> WORK TO BE COMPLETED:
Output exactly the lines below, starting with the line that has "J Crew Flounce" and going on through the line that has "Party In The", both included, and no other lines.

> DATA RECORDS:

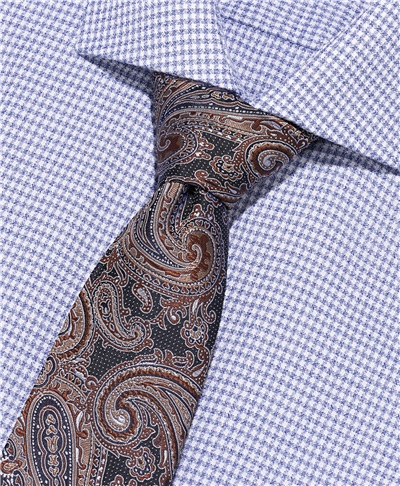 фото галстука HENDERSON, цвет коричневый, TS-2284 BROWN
==
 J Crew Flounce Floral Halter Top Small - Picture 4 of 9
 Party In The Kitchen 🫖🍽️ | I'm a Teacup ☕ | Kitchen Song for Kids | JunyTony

> EXERCISE RESPONSE:
 J Crew Flounce Floral Halter Top Small - Picture 4 of 9
 Party In The Kitchen 🫖🍽️ | I'm a Teacup ☕ | Kitchen Song for Kids | JunyTony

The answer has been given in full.